- EXERCISE REQUIREMENTS: Repeat the lines from the one containing "GUMOVÝ STABILIZÁTOR ZADNÝ RENAULT MEGANE II 2.0 02-08 GUMOVÝ" through the last line of the data, exactly, pictures omitted.

───── GIVEN INFORMATION ─────

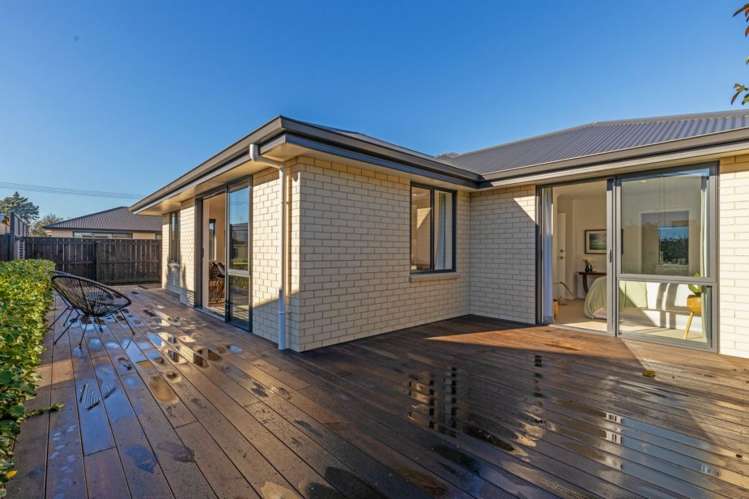 2b Elzy Street Blenheim Central_21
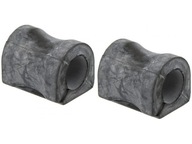 GUMOVÝ STABILIZÁTOR ZADNÝ RENAULT MEGANE II 2.0 02-08 GUMOVÝ STABILIZÁTOR ZADNÝ RENAULT MEGANE II 2.0 02-08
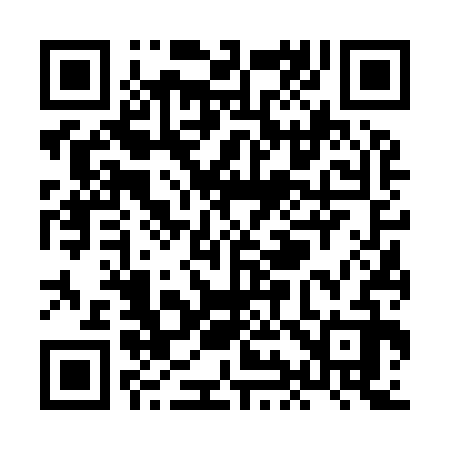 QR code for XI6932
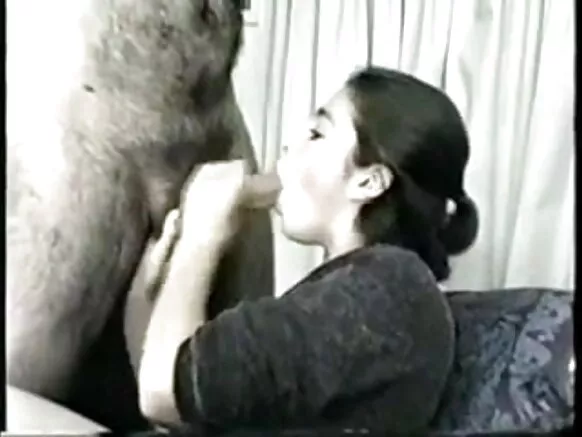 Homemade Sexy Movie Homemade Pakistani Blowjob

─────

- WRITTEN RESPONSE:
 GUMOVÝ STABILIZÁTOR ZADNÝ RENAULT MEGANE II 2.0 02-08 GUMOVÝ STABILIZÁTOR ZADNÝ RENAULT MEGANE II 2.0 02-08
 QR code for XI6932
 Homemade Sexy Movie Homemade Pakistani Blowjob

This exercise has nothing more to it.